Screenwriting : Legal by Brian Knight

Brian Knight

Legal

I am working on a spin-off of a 80's sitcom. From time to time since joining Stage 32; I get asked if I have permission to use the predecessors characters. The way I view it; is that I don't plan on selling the content to anyone; I plan on giving the concept that I developed to the organization that currently owns it and that's it. If they like the concept; they can either buy my scripts; or develop their own based on the concept I gave them. At this point, I look at my development of this series in one of two ways. It is currently nothing more than fan fiction (that will never be published by me); and the other way its just a continuation (to spec) of the original story. Being that I don't plan to publish it outside the channels of those who already own it; and that I don't plan on selling the concept; I don't believe I need to seek permission to write my scripts. Also, if this is, of sorts, a to spec creation; I shouldn't need to seek permission. If that was the case; the screen writers guild would not have requirements that studios accept a percentage of their scripts from outside writers and we would have no one new writing for TV. Am I correct in my interpretations? Any one know.if I still need to receive permissions even if the people I am writing for are the same people who already own the content? Please let me know.

Owen Mowatt

Hi, Brian You keep using variations of the term "the way I see/view it", Ignorance is not a defence, you should just check your legal standings, which I'm pretty sure already suspect will not speak in your favour.
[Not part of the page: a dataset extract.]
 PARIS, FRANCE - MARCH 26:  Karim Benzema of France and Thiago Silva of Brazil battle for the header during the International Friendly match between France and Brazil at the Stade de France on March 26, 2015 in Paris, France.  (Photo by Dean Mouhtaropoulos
If I came up with a unique hit concept, I would hate the idea that any Joe Blow is rewriting my characters, using my world without my/any permission. I don't really care what their intentions were.

Evelien And Dorien Twins

We have to say we agree with Owen on this. Copyright is a very fickle thing and you don't want to step on the wrong people's toes. All in all, "it's a small world, afterall". The law doesn't take "the way I see it into account", so either it's a work of fanfiction which is allowed under certain circomstances (look at CBS who have an outline for fanmade work) or it's original content. If it's original content based on original work, you're best off contacting the right people prior to endevouring to do anything with it. Better safe than sorry. There's very little grey area.

Craig D Griffiths

I am not a lawyer, and anyway I am in Australia which has slightly different legal standing and common law. Having said that. I have listen to numerous "Nerdist Writer's Panel" podcasts (which is now just called the writers panel) and out of the hundreds I would say 70% of writers say that they have all written spec scripts for shows that they didn't work on, as writing samples to get work. Not work on the show they did the 'no permission' spec script about , but some other show. Pretty much any show, they refer to it as a writing sample. They do,it for a show they don't work on to prove they can write in someone's voice and not just their own. These writing samples get sent all over town ( their words not mine). So you are writing something based on a previous work and sending it to the owner of the original work and no one else. The biggest problem I see is that you are doing a huge amount of work, and on a planet of 8 billion people you are limiting your customer base to a single person (or company). Now those odds I don't like.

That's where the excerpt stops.